OREANDA-NEWS. February 12, 2010. Gold suffered losses in the past week, erasing all gains from the very start of February in a heavy sell-off at the end of last week. The December downtrend remained intact with yet another failed attempt to breach it at the start of last week.

The dollar was still stronger and the whole precious complex suffered, while the EURUSD cross slipped to lows just above USD 1.36 and the dollar index hit resistance at 80.5. The single currency was still weaker, remaining under pressure after the ECB left interest rates unchanged at 1% and ECB President Jean-Claude Trichet highlighted fiscal and debt problems in some Eurozone member states.

At the same time, the official US January unemployment reading fell to 9.7% from 10% in the month before, countering expectations for a rise. So, little wonder then that sentiment over Eurozone remains downbeat especially against the backdrop of improving economic conditions in the US, even though a recovery is going to take some time. In contrast to persistent concerns over the debt burden in some Eurozone countries, the US currency is faring better.

Also, we are certainly some way away from full blown inflation in traditionally hawkish Europe and in this respect the Eurozone will be less of a concern than the US where the Fed is likely to make its move sooner than expected. In this respect, gold’s appeal as a hedge against inflation will be less apparent, once the US central bank decides to move and curb inflation expectations, being one of the first central banks among developed economies to start large scale monetary tightening.

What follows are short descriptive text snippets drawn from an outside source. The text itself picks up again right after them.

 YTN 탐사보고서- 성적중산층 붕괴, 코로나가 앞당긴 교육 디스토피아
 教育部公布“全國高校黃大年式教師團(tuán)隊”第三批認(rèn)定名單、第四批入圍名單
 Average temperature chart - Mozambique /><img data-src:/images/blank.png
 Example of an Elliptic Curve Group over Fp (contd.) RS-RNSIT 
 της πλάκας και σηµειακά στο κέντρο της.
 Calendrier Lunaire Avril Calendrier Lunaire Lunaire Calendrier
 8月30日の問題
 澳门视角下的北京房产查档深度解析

This in turn will keep the dollar underpinned and gold’s prospects as an investment vehicle will lose more shine.

In the meantime, the bullion continues to trade against the US dollar, but despite a tremendous spike in volatility gold was still performing better relatively to the rest of the precious complex and especially silver after the gold to silver ratio neared 70 earlier this week. Yet, investors are still on the sidelines and seasonality has yet to kick in, signalled by improving physical demand from Asia. Importantly, the latest sell-off in gold went in line with losses in other commodities and equity markets, as risk averse sentiment had once more gripped the broader market. The bullion’s inverse correlation to the US dollar index had strengthened a little at the very start of February, nearing December highs around 74%.